Ad Amartya Sen è stato conferito il premio Nobel per l’economia nel 1998. In tutte le sue opere, tuttavia, ha sempre cercato di andare oltre la semplice analisi economica, estendendo le sue ricerche ai temi della democrazia, dell’identità, dell’educazione, della laicità, della giustizia, dell’etica, della libertà.
Il libro in questione è quasi un compendio di tali suoi interessi. Tuttavia, «il centro d’interesse di questo lavoro è la tradizione argomentativa» indiana: «libri e racconti che hanno avuto un’enorme influenza sulla letteratura e il pensiero» nel subcontinente, e da lì nel mondo.
Ricordiamo in che modo la creazione del cosmo è commentata nel testo sacro Rgveda: «Chi sa realmente? Chi lo proclamerà qui? Da che fu prodotto? Da che questa creazione?… forse si è formata da sé, o forse no. Colui che la guarda dall’alto, dal sommo dei cieli, egli solo lo sa – o forse non sa». Rispetto alla più o meno coeva narrazione biblica, dove le pretese certezze dell’anonimo estensore cozzano con una descrizione estremamente confusa e contraddittoria, qui la mancanza di evidenze diventa quasi una rivendicazione di aperto scetticismo.
Su queste radici si innesta, e ciò è di particolare interesse per i navigatori del sito UAAR, una tradizione eterodossa che può essere fatta risalire alla prima metà del primo millennio a.e.v. con la scuola Lokāyata, e proseguita poi per millenni con la scuola Cārvāka, il “diadema gemmato della scuola ateistica”. Sen ricorda che «il sanscrito non solo ha la letteratura religiosa più ampia esistente in qualsiasi altra lingua classica, ma possiede anche il più cospicuo ammontare di scritti agnostici o ateistici»: ovviamente, purtroppo, non disponibili nella traduzione italiana.
Ancora oggi, secondo la World Christian Encyclopedia, i non credenti rappresentano circa l’1,5% della popolazione (circa 15 milioni di persone, dunque), e va considerato che le statistiche ufficiali non includono i non credenti di estrazione indù.
Ma è l’India quale enorme crogiuolo di concezioni del mondo, religiose e non, che emerge con forza da questo testo: concezioni che, quasi sempre, hanno assunto comportamenti estremamente tolleranti. Sen ricorda spesso le parole degli imperatori Ashoka (buddhista) e Akbar (musulmano), così come non bisogna dimenticare che anche «oggi l’India vanta un presidente musulmano, un primo ministro sikh e un capo del partito di maggioranza cristiano», e ciò in un paese induista al 75%.
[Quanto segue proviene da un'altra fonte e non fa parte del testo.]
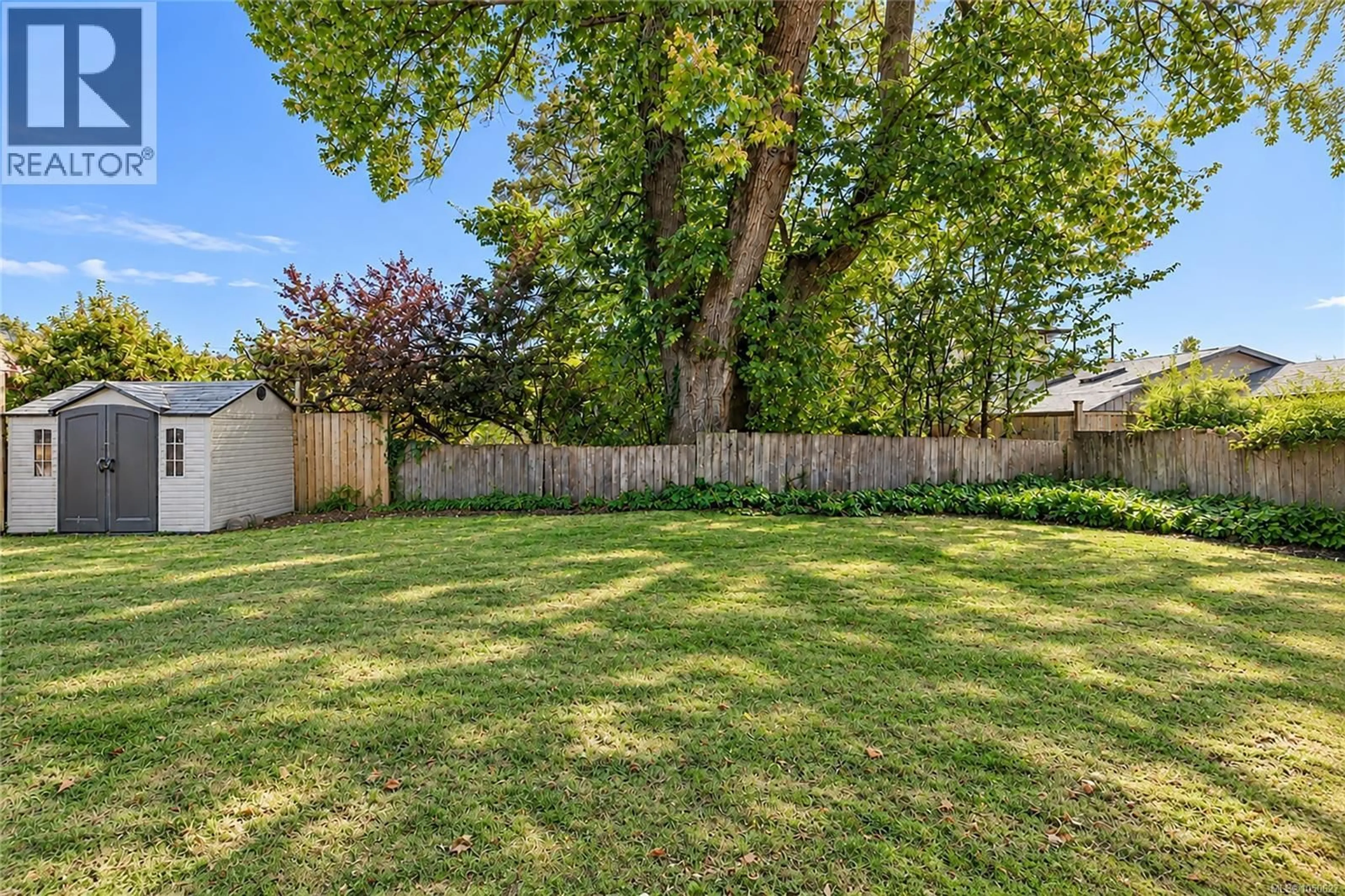 A pic from outside/outdoor area/front of a property/back of a property/a pic from drone, street for 1711 CHRISTMAS AVENUE, Saanich British Columbia V8P2X9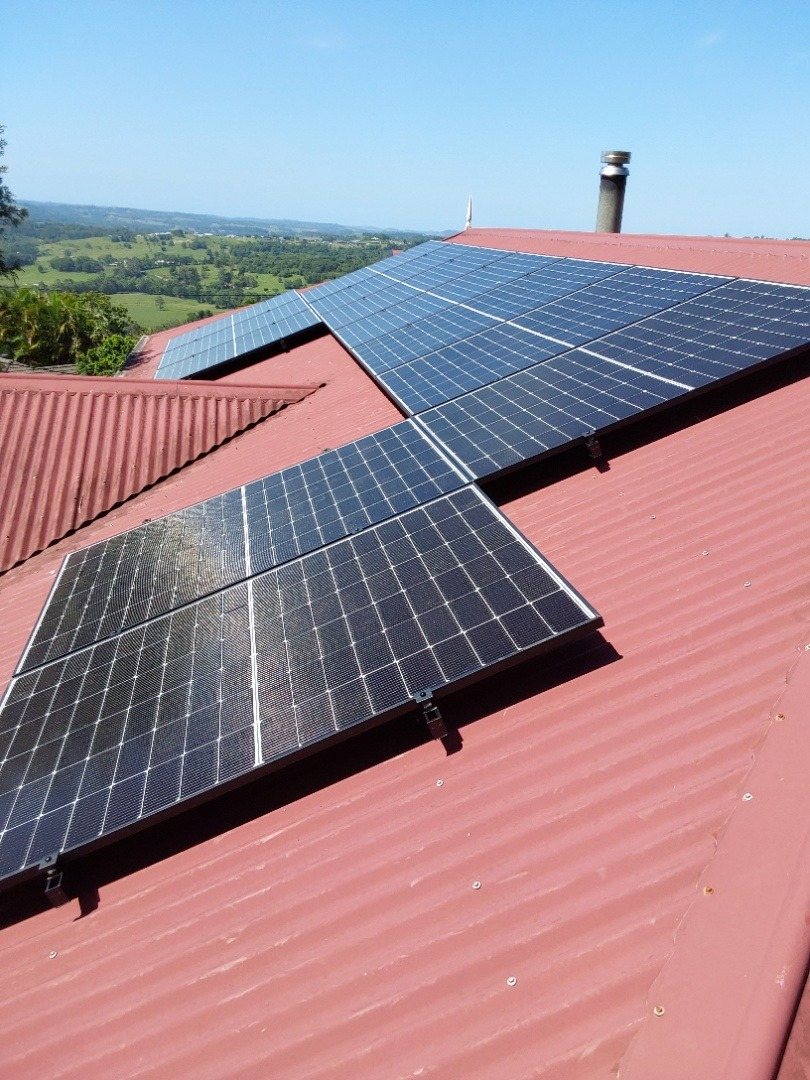 Seraphim solar panels on a red metal roof above farmland at Richmond Hill near Lismore Seraphim solar panels on a red metal roof above farmland at Richmond Hill near Lismore, installed by Sun Connect Solar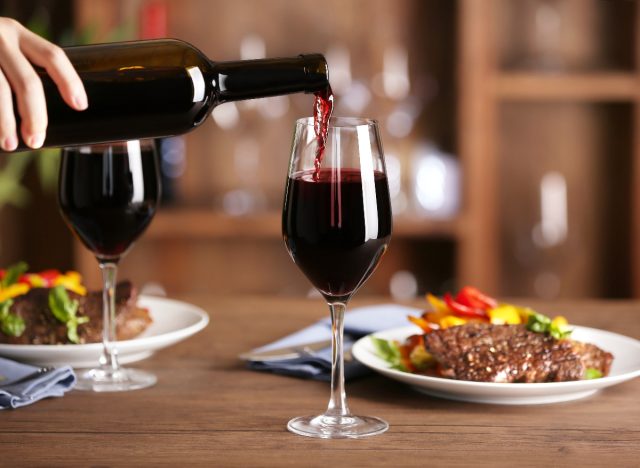 pouring red wine into glass next to steak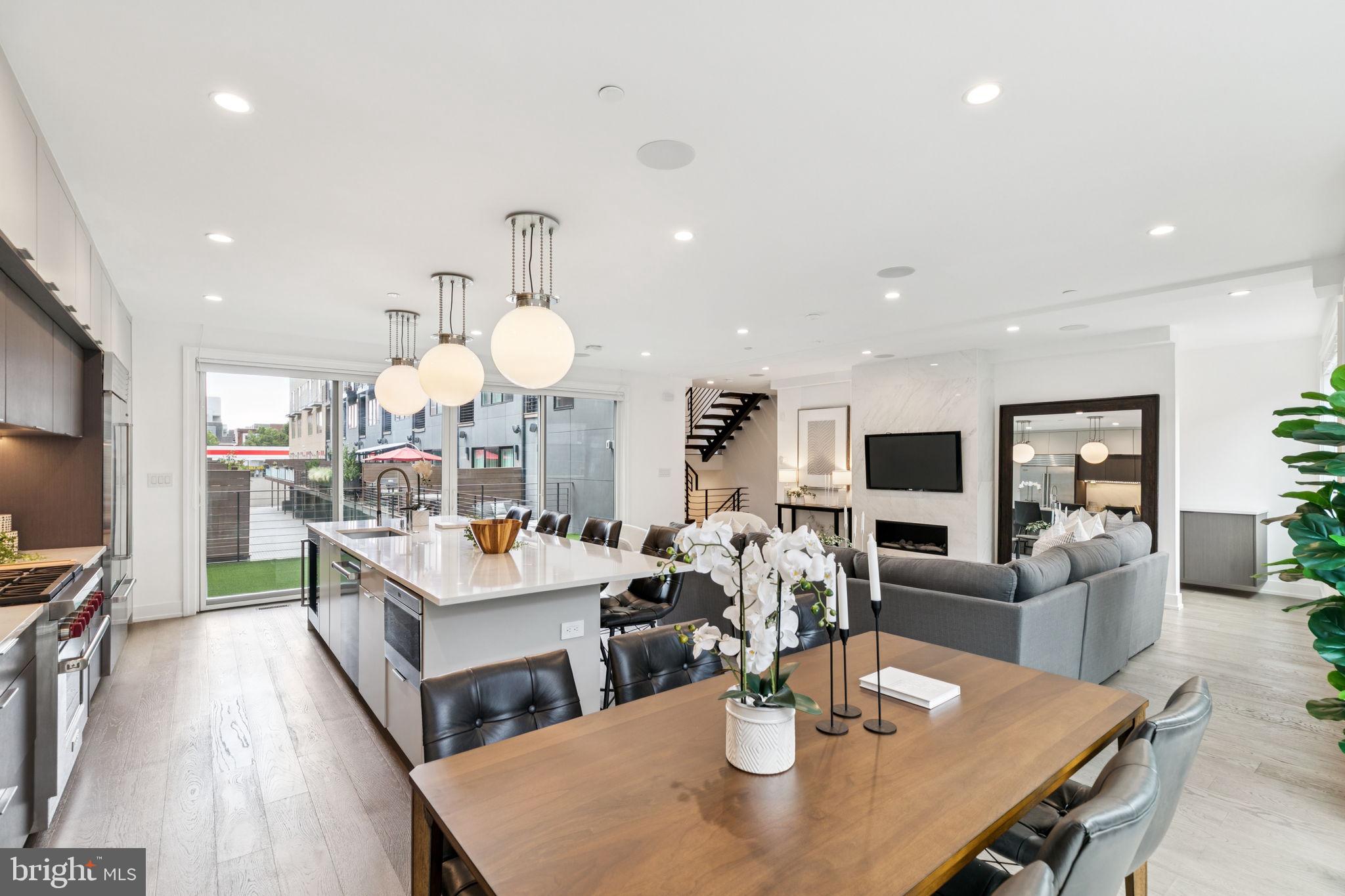 618 South Clarion Street Philadelphia, PA 19147 - Photo 7 of 65 a view of a dining room with furniture and wooden floor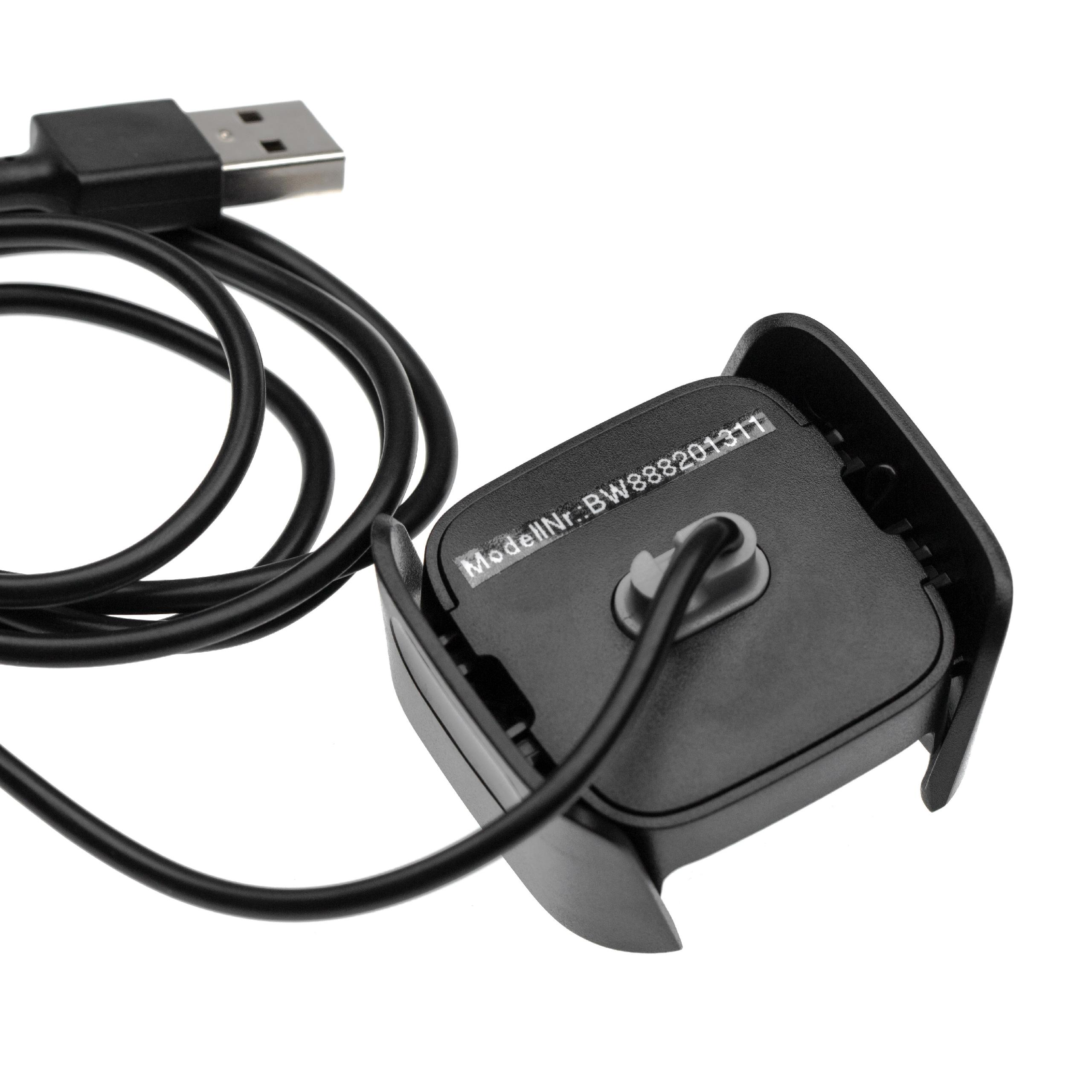 Ein schwarzes USB-Kabel und eine Ladestation auf weißem Hintergrund. Die Station hat eine Modellnummer.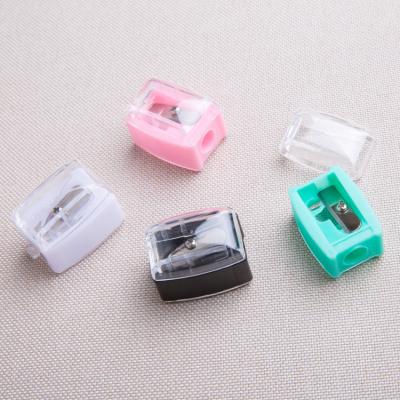 China Single Hole Cosmetic Sharpener Flap Eyebrow Pencil Pink Sharpener for sale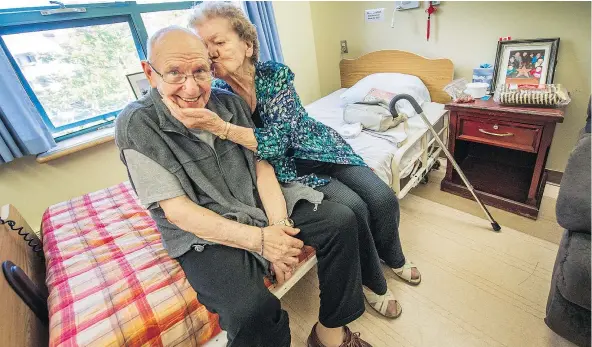  ?? ARLEN REDEKOP/PNG ?? Raffaella Lucchesi visits her husband Domenic at Little Mountain Place in Vancouver. Raffaella still lives at home because she is not considered in urgent need of care. And after 65 years of marriage, the couple is finding it difficult to live apart.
La stessa costituzione indiana, del resto, afferma la laicità dello Stato addirittura nel suo preambolo (e va ricordato che quella italiana, benché entrata in vigore solo due anni prima, non cita mai espressamente il termine “laicità” o uno dei suoi derivati). Certo, l’autore constata come il laicismo indiano non sia identico a quello occidentale: «uno mette in primo piano la neutralità tra le diverse religioni, l’altro la proibizione di ogni associazione religiosa nell’attività dello Stato».
Come ricordato, il libro comprende anche interessanti capitoli dedicati ad altri argomenti, quali la cultura, i rapporti con la Cina, le classi, le donne, il riarmo nucleare. L’approccio di Sen, sempre razionalista, rende godibile ogni passaggio del testo: nonostante che, come l’autore correttamente premette nella prefazione, trattandosi di una raccolta di saggi le ripetizioni siano inevitabili.